- SUPPLIED DATA:

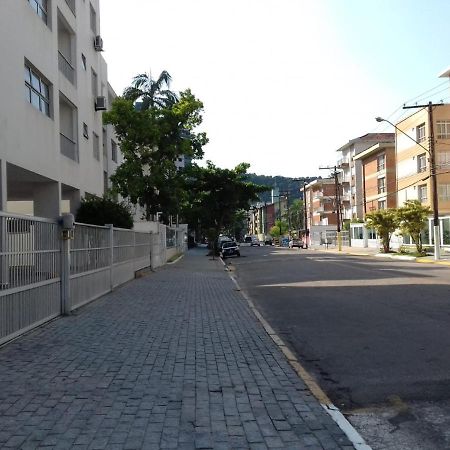 A 250M Da Praia Da Enseada 瓜鲁雅 外观 照片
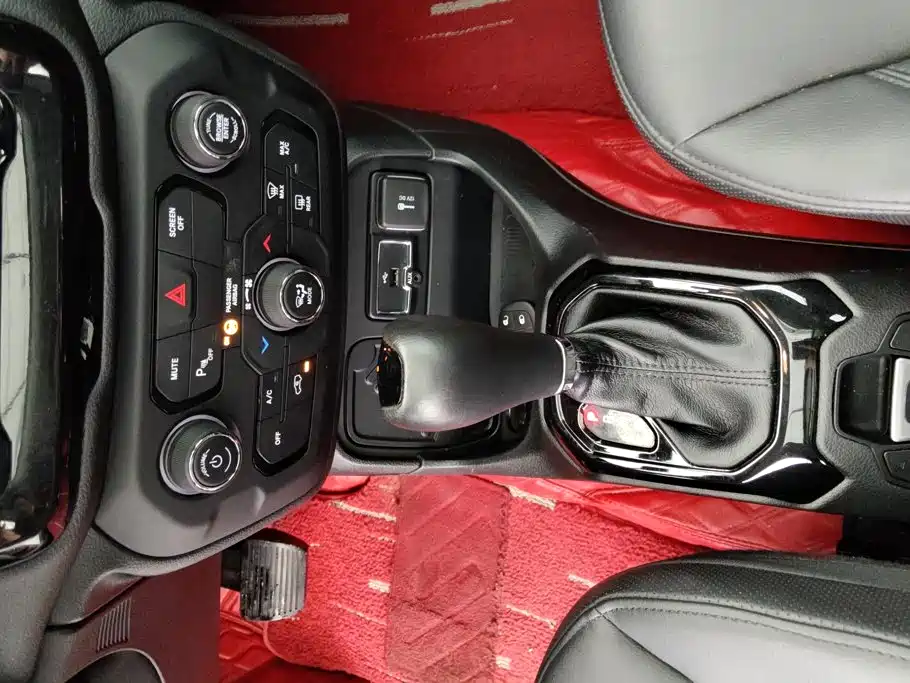 Jeep Renegade — миниатюра 16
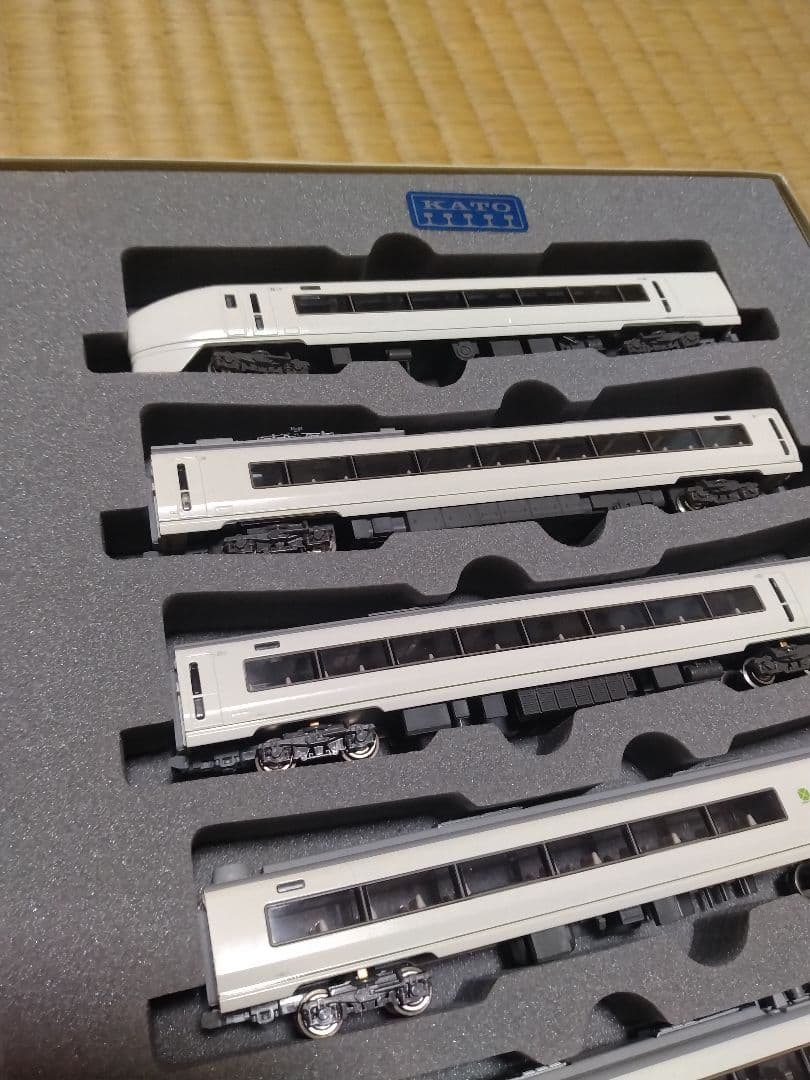 KATO 651系 スーパーひたち Nゲージ　10-164 交直両用特急形電車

- DESCRIPTION OF THE TASK: Retype each line above exactly. Leave the images out.

- COMPLETED TASK:
 A 250M Da Praia Da Enseada 瓜鲁雅 外观 照片
 Jeep Renegade — миниатюра 16
 KATO 651系 スーパーひたち Nゲージ　10-164 交直両用特急形電車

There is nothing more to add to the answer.